On reflection I think I will change my mind about using the +10V from the PowerReducer as the OpAmp's power supply.  I think I'll buy an off-the-shelf 12V power supply and use that.  I don't understand the electronics well enough and the less I fiddle with the PowerReducer the better.  It's an expensive bit of kit and I don't want to ruin it!

One thing I have said almost nothing about is implementing the PID controller in the EmonTx firmware.  I'm not so worried about this as I have a maths and computing background so I feel much more confident here than I do with the electronics.  One thought I have is that there may well be a bit of a time delay before the battery voltage reacts to any load adjustment. So I'll need to have a fair bit of damping in there to ensure that it doesn't overshoot and oscillate.  As long as it converges I don't think it will matter if it takes several seconds over it.  I can experiment with this once I've built the thing!

Well that's it for the time being.  I wonder if anyone has read this far.  I really would be grateful for any feedback, suggestions etc, and I'd be happy to answer any questions that people may have about the setup.

Edit added 4 Mar 2016: if anyone is thinking of following this project and doing something similar, please be aware that I have not described all the safety features of the system.  In particular, when sampling the voltages from a battery bank like this, there must be good protection against the consequences of short circuits, as these batteries can pack quite a punch.  See in particular this comment and this comment and don't do it unless you really know what you are doing!

Thanks for posting all this. I think it deserves not to get buried in the forums so don't be too surprised if it disappears from here.

On the point of "how much power the op amp would be taking from the 10V power supply", the answer is very little. The main current draw is the output current into the load, yes, it comes out of the supply. You know that is not greater than 2 mA (10 V into 5 kΩ). Added to that is the "quiescent current" - the data sheet gives you that, it's 1290 nA (yes, nano) per channel (so × 2, worst case). My bet is that the 10 V output is designed to have a potentiometer connected to it in order to provide the variable input (control) voltage, so I wouldn't hesitate to connect your op-amp circuit to it.

I would hesitate at sending a high impedance signal the 70 m from your emonTx to the op-amp, I strongly suggest you send the PWM switched 5 V signal down the wire and have the filter next to the op-amp, because it'll need much more interference to mess up the signal before filtering than after, and the filter will take a lot of it out anyway, should it get in. If the 130 mV minimum output causes problems, it should be possible to do something about it. Try (in your simulation) connecting a resistor from the 10 V supply to the - input of the op-amp, and see what effect various values have.

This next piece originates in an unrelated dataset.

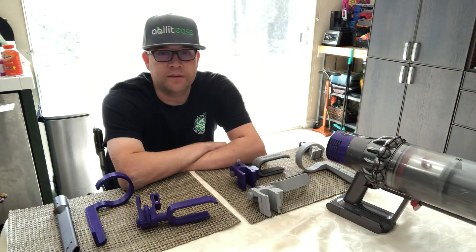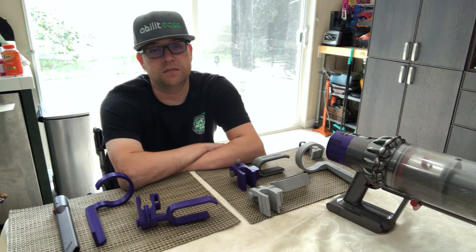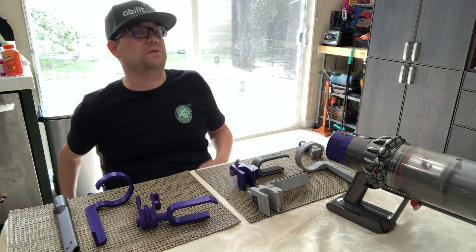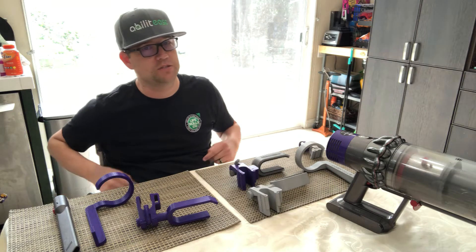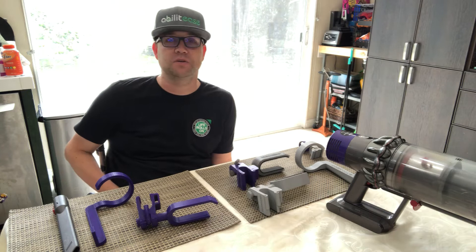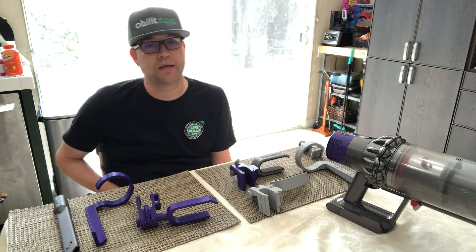Traditionally what I used to use to vacuum my house was an upright vacuum. I would put it between my legs, bend the handle down, flip on the switch, and just push my chair like a snow plow. But that's probably not the safest thing to do, because that piece between my legs could turn and bend and cause damage to my legs and skin.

I'd try a value of about 390 kΩ.

There's lots of good stuff in there, and your simplification+improvement project sounds like a fun one.  One issue I noticed that might cause you some grief is your resistor divider to monitor the battery voltage.  I think it has an equivalent impedance of about about 64k (R1 and R2 in parallel).   You really want that to be below 10k in order to get the ADC's sample-n-hold capacitor charged in time.    You can see the Amtel datasheet for that 10k requirement, and a bit of a discussion on it (and scope trace) in this thread:  http://openenergymonitor.org/emon/node/11011

P.S.  I'm blown away that you Brits get paid for generating electricity even when you have no connection to the grid.  For us foreigners, you might consider moving that detail closer to the beginning of your excellent write-up, as I was struggling with all the early talk about you not wanting to lose your FiT when you'd declared it was all off-grid.  I eventually got as far as "Another thing I need to explain is...." and all was indeed explained.

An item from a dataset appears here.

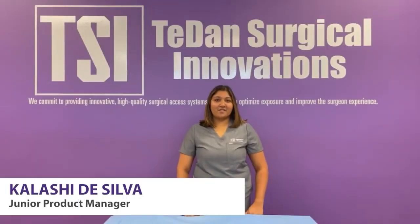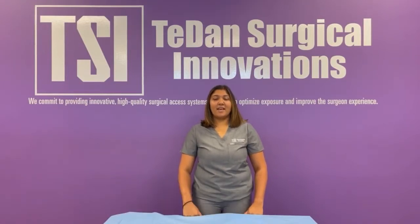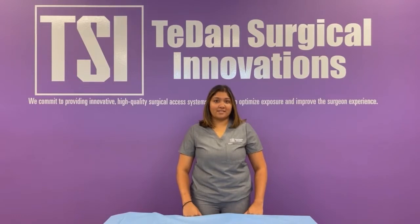Hi, my name is Kalashie Da Silva and I am a Junior Product Manager at Tiden Surgical Innovations. Today I will be walking you through a few tips and tricks to properly maintain your Phantom AL Interior Lumbar Surgical Access System. If you would like more information on this system, you can visit our website or YouTube channel for video tutorials on the setup and overview.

Hello Robert, thank you very much for that.  Here is the revised circuit:

At first I thought that when you said "Try (in your simulation) connecting a resistor from the 10 V supply to the - input of the op-amp" you meant connect the new resistor to the inverting input of the op amp, but that didn't work. Then I figured out that you meant connect it to the negative of its power supply (pin 4 in the diagram): that worked like magic! (Slow on the uptake but all this is still very new to me).

I have tried the circuit with various values as here:

… and the results with 50% pulse are unaffected by inserting R6.

I shall go for the 390kΩ resistor as you suggested.  15.33mV on a scale of 0-10 is 1.533 x 10^-3 so if the PowerReducer took this literally it would be driving the 3kW immersion heater at 4.6W, which is obviously not a problem. 

I shall also go with your advice and put the filter and the op amp all together, next to the PowerReducer.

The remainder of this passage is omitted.